Fast threshold and bit packing algorithm (possible improvements?)

Question

Fast threshold and bit packing algorithm (possible improvements?)

I am working on an algorithm that performs a global threshold value of an 8-bit grayscale image into a single-bit (bit packed, for example, 1 byte contains 8 pixels) monochrome image. Each pixel in a Grayscale image can have a brightness value from 0 to 255.

My environment is Win32 in Microsoft Visual Studio C ++.

I'm interested in optimizing the algorithm as much as possible out of curiosity, a 1-bit image will be converted to TIFF. I am currently setting FillOrder as MSB2LSB (the most significant bit for the least significant bit) just because the TIFF specification offers this (it doesn't have to be MSB2LSB)

Just some kind of background for those who don’t know:

The MSB2LSB arranges the pixels from left to right in the byte in the same way that the pixels orient in the image as the X coordinate increases. If you look at the Grayscale image from left to right along the X axis, this obviously requires you to think back when you pack the bit into your current byte. Having said that, let me show you what I have (this is in C, I did not try to use ASM or Compiler Intrinsics, but only because I have very little experience with it, but that would be possible).
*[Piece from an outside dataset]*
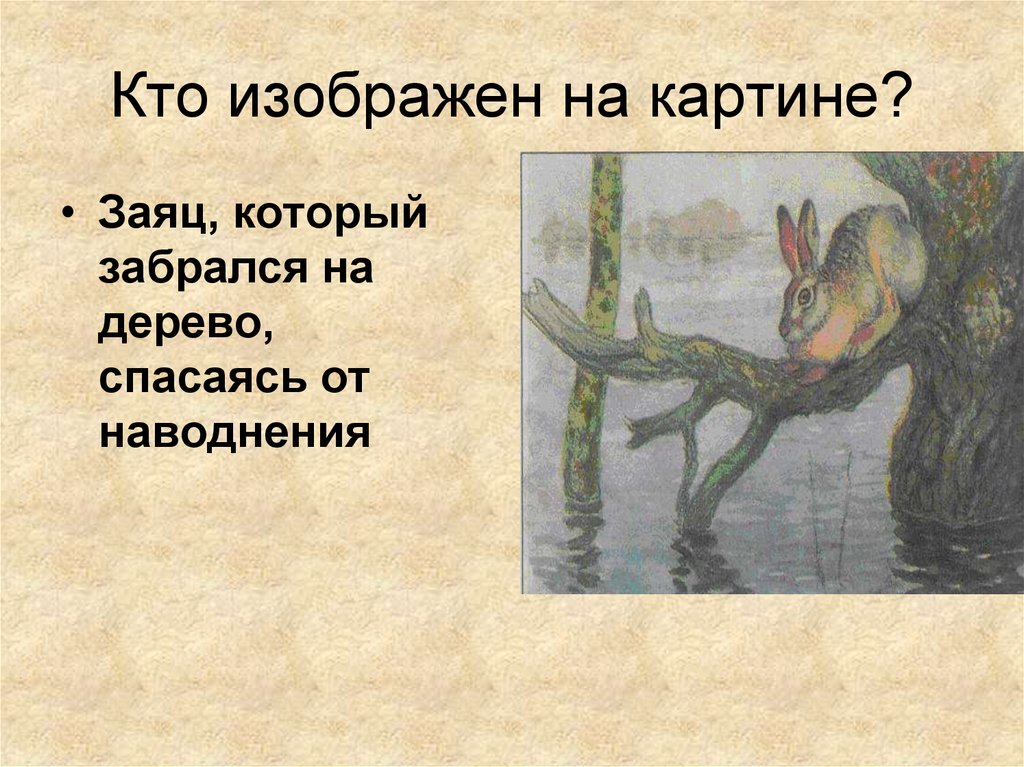 Заяц на дереве картина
Since the monochrome image will have 8 pixels per byte, the width of the monochrome image will be

  (grayscaleWidth + 7) / 8;

FYI, I assume that my largest image should be 6000 pixels wide:

The first thing I do (before processing any image) is

1) calculate the search table for the amounts that I need to translate into a specific byte, if you specify the X coordinate from my image in shades of gray:

int _shift_lut[6000]; for( int x = 0 ; x < 6000; x++) { _shift_lut[x] = 7-(x%8); }

Using this lookup table, I can pack the monochrome bit value into the current byte I'm working on, for example:

 monochrome_pixel |= 1 << _shift_lut[ grayX ];

which ends with a huge increase in speed than

 monochrome_pixel |= 1 << _shift_lut[ 7-(x%8)];

The second lookup table that I am calculating is a lookup table that tells me the X index in my monochrome pixel, taking into account the X pixel per grayscale pixels. This very simple LUT is calculated like this:

 int xOffsetLut[6000]; int element_size=8; //8 bits for( int x = 0; x < 6000; x++) { xOffsetLut[x]=x/element_size; }

This LUT allows me to do something like

 monochrome_image[ xOffsetLut[ GrayX ] ] = packed_byte; //packed byte contains 8 pixels

My grayscale image is a simple unsigned char *, as well as my monochrome image;

This is how I initialize a monochrome image:

 int bitPackedScanlineStride = (grayscaleWidth+7)/8; int bitpackedLength=bitPackedScanlineStride * grayscaleHeight; unsigned char * bitpack_image = new unsigned char[bitpackedLength]; memset(bitpack_image,0,bitpackedLength);

Then I call my binarization function as follows:

 binarize( gray_image.DataPtr(), bitpack_image, globalFormThreshold, grayscaleWidth, grayscaleHeight, bitPackedScanlineStride, bitpackedLength, _shift_lut, xOffsetLut);

And here is my Binarize function (as you can see, I did a few expanding cycles, which may or may not help).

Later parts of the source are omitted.